The solution is to use the period_shift parameter, just not in the past, but rather in the future. For instance, if today’s date is October 22, this expression will calculate the sum() from October 1 to October 31.

  • trendsum(1M,now/M+1M)

There is one problem, though. To save precious computing resources, Zabbix evaluates these functions in triggers only when the period is over. However, these functions are also available in calculated items, and we can use arbitrary calculation intervals there.

So, the solution is to set up a calculated item, use trendsum() in the formula, and specify some reasonable update interval (for instance, one hour or one day).

Here, on the right-hand side of the chart, we see the current period, which is not over yet. Let’s take a look at the item definition.

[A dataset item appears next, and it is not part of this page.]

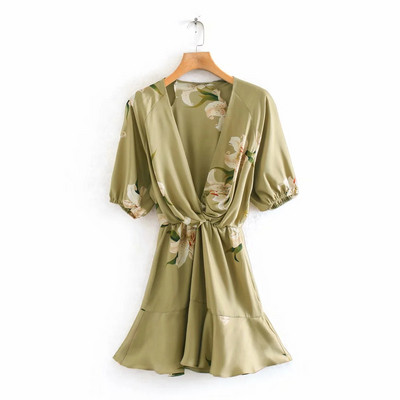 Modern női ruha mély spitz nyakkivágással és virágmintával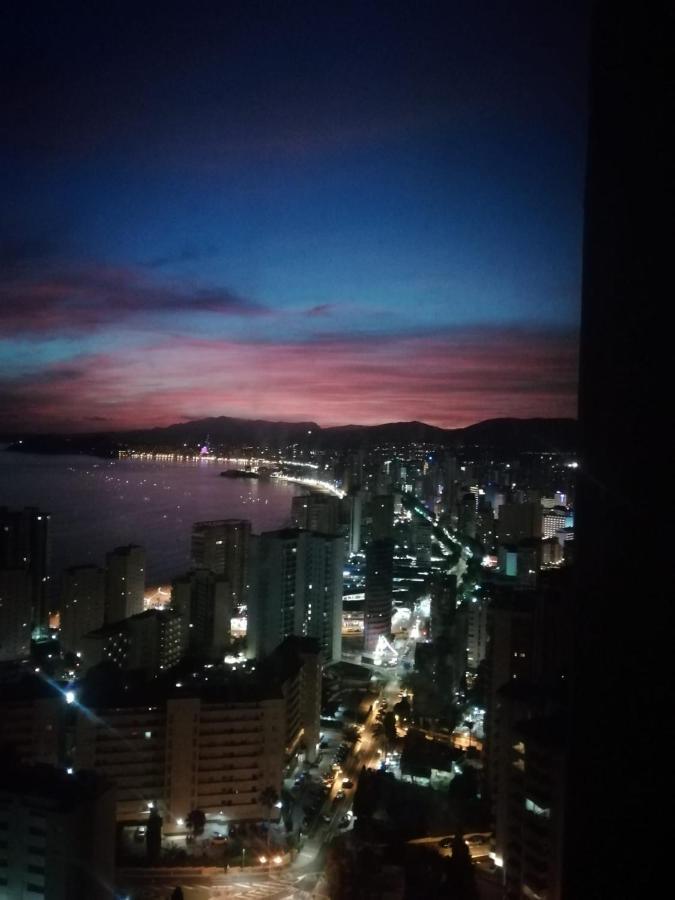 Appartamento Sunshine Apartament Benidorm Esterno foto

This is the formula to calculate the current calendar period. Then, we can add a simple trigger referencing this calculated item:

Formula to calculate the current calendar period

You can also use the new expression macro in this trigger. You don’t need to have trend functions anywhere in the formula for this.

 

Once the trigger fires, you will see the following problem on the Problem screen — a nice and clean message containing all the information we need.

Use cases

There are many more possible applications for the new functions besides the examples above. Generally, these trend functions can be applied not only to IT metrics but also to many other real-world KPIs, for example:

— Business performance (to calculate annual revenue, profitability, etc.).
— Sales and marketing (for instance, monthly average, customer acquisition costs, sales target rate).
— Warehousing (such as weekly shipments, return rates, etc.).
— Human resources (for instance, annual training costs, overtime hours, etc.).
— Customer support (such as average response time or the number of issues per month).

We expect these functions to pave the way for Zabbix to new territories, which have been previously occupied by CRMs and other business analytics systems.

In a nutshell

  • Zabbix trend functions — a new way to analyze history without storing historical data.
  • Zabbix trend functions support calendar hours, days, weeks, months, and years.
  • New trigger field Event name – lets us display events with context.
  • New formatting functions let us present numbers and dates in a flexible manner.
  • Long-term data analysis just got easier and better with the new Zabbix 5.2.

Questions & Answers

Question. What’s the maximum time period for these new trigger functions? For how long can we analyze the data?

Answer. The maximum time period is not limited by any hardcoded values. The only limit you should keep in mind is just the size of your trend data history. But there are no limitations in the code whatsoever that would limit this use. You also should keep in mind that the longer is the period the bigger the database load is. That’s also a factor to consider.

Question. Is this trend data that we’re analyzing also going to be stored in the value cache or some other place?

Answer. it’s not stored in the value cache at the moment. These trigger functions recalculate their values only after the period is over. So it’s not of much use for value cache. But if this is required by some demanding applications, we’ll add this in the later versions.